The new linguistic AI features need to be properly understood to generate the expected benefits. An informed enablement strategy helps to eliminate uncertainties and reservations for both customer and LSP.
These AI tools can be used to provide data that ultimately helps customers to make better decisions on how to process their content and improve their ROI, for example through investing in custom MT technology. On the other side of the fence, AI tools offer LSP project managers a much higher degree of predictability, improving time and delivery management. We expect AI-driven data points and touchpoints to become the foundation for a new collaboration between key stakeholders where data is in effect the “currency of trust.”
A seamless experience built around AI tools offers so much more than just speed and efficiency benefits. Monitoring the trajectory of data and feeding insights back into the development process will lead to better outcomes overall. The performance of content insight tools, quality estimators, adapted NMT models, and post-assignment data such as edit distance and quality scoring will combine to provide a holistic view of a localization project within one consolidated workflow. The industry as a whole will benefit from this new linguistic AI paradigm, from technology providers to LSPs, translators, and of course buyers.

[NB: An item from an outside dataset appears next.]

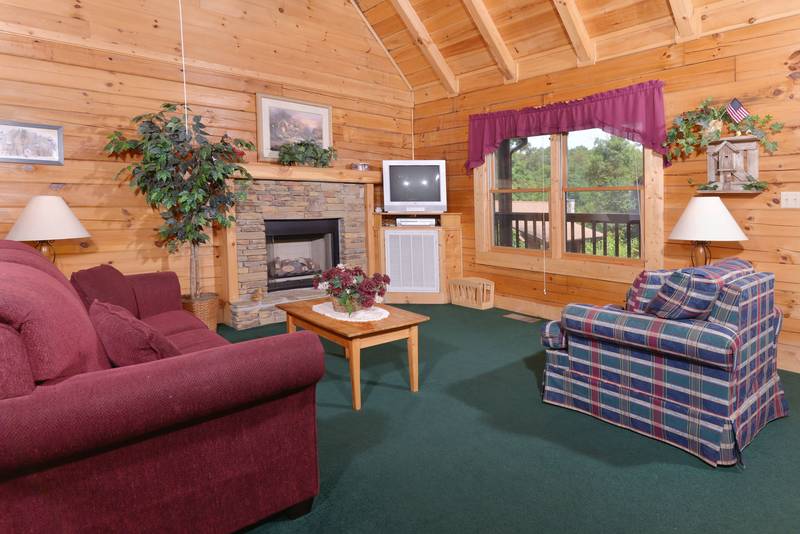 Two Bedroom Pigeon Forge Cabin featuring a gas fireplace in the livingroom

Translator agency comes of age!
Having looked at how linguistic AI tools can benefit LSPs and customers, what about the freelance translators without whom our industry couldn’t function? Freelance translators experience the same pressure as staff translators to deliver high-quality translations in ever-decreasing timeframes.
However, they don’t have the support system of working with an in-house team of project managers, fellow linguists, and technical teams. For a freelance translator, working with tools that increase efficiency and maintain quality is vital. Many freelancers have amassed a treasure trove of linguistic assets such as translation memories (TMs) and glossaries during their careers. Language Weaver's adaptive machine translation allows individual translators to use their human-quality bilingual resources to train MT models, leading to more accurate and tailored MT output for specific domains or projects. Adopting this new paradigm is an important step in helping translator agency come of age.
Of course, this is not the first time that we are on the cusp of a seismic shift in the role of translator and project manager. Early discussions with translators around post-editing – the first linguistic AI use case – were characterized by stark and opposing positions on the effectiveness of MT.
Translators had understandable misgivings about a technology that would change their way of working and livelihoods. The answer then, as today, is an open and transparent discussion and a move towards structured learning. Initiatives such as the RWS post-editing certification program or the RWS Campus community are creating a foundational learning pathway and establishing best practices for the industry. Programs like these lead to a greater understanding of machine translation, post-editing, and linguistic AI technology, paving the way for a smooth introduction of linguistic AI innovation. This is crucial if we want to see universal adoption, an achievable technology ROI, and greater enterprise content reach.
Conclusion: A better use of linguistic expertise?
In the 90s the term “information superhighway” was coined to describe the rapid access to information on the internet. Today we are talking about content. Content is information presented in a digestible and nuanced form and localized in your native language to reach global audiences. If we want to achieve our vision of a “content superhighway”, a structured rollout of new linguistic AI technologies and processes is a must. Only then can we meet the content explosion head-on and achieve the scale of targeted and personalized content needed to meet demand.
Language Weaver technology deployments facilitate key business decisions and integrated processes. A forward-thinking strategy of combining technology with linguist expertise ensures that local language content is available when and where it is needed.